Et c'est tout Festina qui va jeter ses forces dans la bataille, et sans attendre. Dès le col du Glandon, un beau morceau, Neil Stephens, Pascal Hervé, Laurent Dufaux, Laurent Brochard, tout le monde est au diapason et tout le monde y va de son relais. En haut du col, Jan Ullrich est toujours là mais n'a plus d'équipiers. Pire encore, l'Allemand se fait quelques frayeurs en descente – une de ses rares faiblesses –, et laisse filer Virenque, Dufaux, Hervé, Brochard et l'Italien Francesco Casagrande. 4 Festina devant, l'occasion est là.
Mais Ullrich, conscient de la situation, accepte de se relever et d'attendre un peloton où figurent quelques coéquipiers, dont Riis, mais aussi d'autres formations en quête de podium. Les équipiers de Richard Coeur de Lion commencent à fatiguer et le dernier d'entre eux, Laurent Dufaux, l'abandonne dans le mythique col de La Madeleine. La sanction est immédiate, Virenque est repris dans la descente.
Tout ce travail pour rien, pense-t-on alors. Mais le Français n'est pas du genre à renoncer sans avoir tout essayé. Dans la montée vers Courchevel, il repart à l'offensive. Il attaque et attaque encore. Un par un, tous ses rivaux craquent. Tous, sauf celui qu'il voulait absolument voir craquer : Jan Ullrich.

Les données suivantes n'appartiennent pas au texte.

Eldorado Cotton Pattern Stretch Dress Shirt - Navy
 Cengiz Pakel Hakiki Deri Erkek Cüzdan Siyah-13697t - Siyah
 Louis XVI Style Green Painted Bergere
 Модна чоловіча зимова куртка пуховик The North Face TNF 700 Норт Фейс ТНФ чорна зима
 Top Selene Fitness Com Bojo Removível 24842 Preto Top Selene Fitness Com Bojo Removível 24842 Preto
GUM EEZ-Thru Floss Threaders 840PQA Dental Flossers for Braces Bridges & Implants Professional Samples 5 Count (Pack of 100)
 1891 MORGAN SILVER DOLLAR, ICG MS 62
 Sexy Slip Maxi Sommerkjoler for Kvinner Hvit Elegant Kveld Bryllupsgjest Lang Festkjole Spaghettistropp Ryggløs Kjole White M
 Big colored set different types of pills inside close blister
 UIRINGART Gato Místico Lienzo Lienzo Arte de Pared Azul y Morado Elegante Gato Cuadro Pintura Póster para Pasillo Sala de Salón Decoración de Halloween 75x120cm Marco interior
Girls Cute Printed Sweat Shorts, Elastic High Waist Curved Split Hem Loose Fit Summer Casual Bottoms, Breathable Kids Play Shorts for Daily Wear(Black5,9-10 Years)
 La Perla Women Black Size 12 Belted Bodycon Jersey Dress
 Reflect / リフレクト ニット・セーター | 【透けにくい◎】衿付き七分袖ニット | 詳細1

15 kilomètres de montée finale, 15 kilomètres où Virenque passera son temps à essayer de se débarrasser de son rival avant de finalement se résigner à quelques hectomètres de la ligne : l'Allemand est le plus fort, c'est indéniable. Il met ses dernières forces de côté pour aller chercher une victoire d'étape, pour valider le travail de ses coéquipiers, au terme d'un emballage bien mené. Il aura fait plier Jan Ullrich, mais pour rien. C'était sa dernière chance et il aura tout fait pour la saisir.
Ce que l'on ignorait à l'époque, c'est que cette étape allait représenter la dernière chance tout court de victoire dans la Grande Boucle. Déjà, après l'étape, la cote de sympathie de Virenque, élevée avant le départ du Tour, prend un boost énorme. Car il aura buté durant trois semaines sur un coureur semblant indestructible. Excellent en contre-la-montre, excellent en montagne, et ce, malgré un gabarit impressionnant (1.83 m), Jan Ullrich est le prototype même du coureur du futur. Un cyborg, en tout cas, c'est comme ça qu'il est considéré à l'époque.
Et dans un énième remake de l'homme contre la machine, l'homme n'en devient que plus sympathique et plus héroïque. Et dans le cas de Virenque, cela déclenche une vague de sympathie incommensurable. On peut même parler de "Virenque-Mania" à l'époque. Jalabert, Leblanc et les autres sont aux oubliettes dans le cœur des Français, il n'y en a que pour lui, et à chaque Tour, il n'en devient que plus sympathique.
Il a admis sa défaite, mais il a gagné l'étape, le maillot à pois pour la quatrième année consécutive. 3e en 1996, 2e en 1997, 1ᵉʳ en 1998 ? C'est écrit, il va le gagner. Et en pleine euphorie de la Coupe du monde des Bleus, tout le monde pense que "le succès appelle le succès". Jusqu'au contrôle routier de Willy Voet. Mais ça, c'est une autre histoire.